In mid-June, Apple came to my Newsweek office to set up my review unit, with warnings that I had to be discreet in my public usage, as the veil of secrecy was still under effect. A couple of days later, I went on a day trip to Pittsburgh. Because I wasn’t planning to stay overnight, I didn’t take my laptop—just the phone. But a thunderstorm canceled all the evening flights, and I was stuck in Western Pennsylvania. But I had my iPhone! For 24 hours, I was able to dispatch the essential tasks of my digital life with this pocket-size computer. And I had the lede for my review.

Our reviews came out on Wednesday, June 27. From that point on, we reviewers were free to discuss the iPhone publicly. I spent the next two days doing media interviews. In those days, while its business model was afloat, Newsweek paid its journalists a small sum for each television or radio appearance. My paycheck for that week was fattened by several thousand dollars, as I appeared on everything from Charlie Rose to Glenn Beck. (A gadget freak, it turns out.)

The craziest moment came when I was doing a live Fox News interview on launch day, June 29, in front of Apple’s 59th Street store, where the line circled the block. The camera had barely starting rolling when someone slipped behind us, reached in and grabbed…not the iPhone, but the reporter’s microphone. The culprit dashed off, but a soundman tackled him, holding him down until the cops arrived. All of this was broadcast live, and, for all the viewers knew, total bedlam had broken out on Fifth Avenue. Fox cut the feed and returned to the studio, where two hosts tried to make sense of what they had seen. After a couple of minutes, we regrouped and resumed the interview. A year later I ran into the reporter and she told me, citing a junior version of PTSD, that she still couldn’t bring herself to buy an iPhone.

At 6 p.m. on the night of the iPhone launch, the focus shifted from the reviewers to actual customers.
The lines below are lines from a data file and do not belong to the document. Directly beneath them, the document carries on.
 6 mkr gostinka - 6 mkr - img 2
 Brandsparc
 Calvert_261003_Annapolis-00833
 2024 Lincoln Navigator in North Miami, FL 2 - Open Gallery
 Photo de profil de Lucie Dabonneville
The phone no longer belonged to us four. We went on with our careers—the other three have been actively reviewing products for the last decade, though Walt Mossberg, then of the Wall Street Journal and now with Recode, is retiring this month. But as we gathered for a roundtable to be broadcast on CBS Sunday Morning, we all agreed that the iPhone situation was unprecedented and unlikely to be repeated.
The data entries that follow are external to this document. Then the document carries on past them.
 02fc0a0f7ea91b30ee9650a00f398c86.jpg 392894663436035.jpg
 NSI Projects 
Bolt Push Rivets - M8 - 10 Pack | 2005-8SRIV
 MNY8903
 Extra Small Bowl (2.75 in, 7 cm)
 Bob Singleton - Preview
I’ll go further. In the early 1980s, reviews were fairly technical, and directed at the aficionados and hobbyists who were early adopters of the products. As technology became more mainstream, however, product reviews sometimes became news themselves. The iPhone experience was the apex of that trajectory. No product will ever be as hyped, and no tiny group of reviewers will ever get such weight dumped on them. Clearly, the company was confident that its creation would win our favor—but those not-so-casual phone calls from Steve Jobs exposed the doubt that comes when even the strongest case reaches a jury.
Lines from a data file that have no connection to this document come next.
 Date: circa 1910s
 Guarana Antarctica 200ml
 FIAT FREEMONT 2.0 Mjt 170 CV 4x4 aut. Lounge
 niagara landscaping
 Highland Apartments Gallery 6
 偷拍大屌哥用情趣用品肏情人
Since the iPhone, the most transformative products have not been gadgets but services. Facebook, Twitter, and Snapchat have changed lives, but they didn’t launch to massive fanfare. They were switched on to small groups, showing only glimmers of the eventual power they would gain when networks grew up around them.

So while we celebrate a decade of the iPhone, let’s also acknowledge a footnote to that signal event in tech history: the peak of the mass-market product review.

Oh, and with 10 years of hindsight, how did we reviewers do in that Come-to-Jesus-Phone moment? Each one of us horsemen was overwhelmingly positive—we universally cited the massive hype and judged, with some astonishment, that the iPhone had lived up to it. (My biggest cavil was that Apple was limiting the ecosystem of apps that ran directly on the OS. “I think the best way to make [the iPhone] more valuable would be to encourage outside developers to create more uses for it,” I wrote. It took Apple about a year, but it finally did just that.)

But though we reviewers didn’t embarrass ourselves, none of us came close to predicting how big the iPhone would be. Our only consolation was that Apple didn’t see it, either.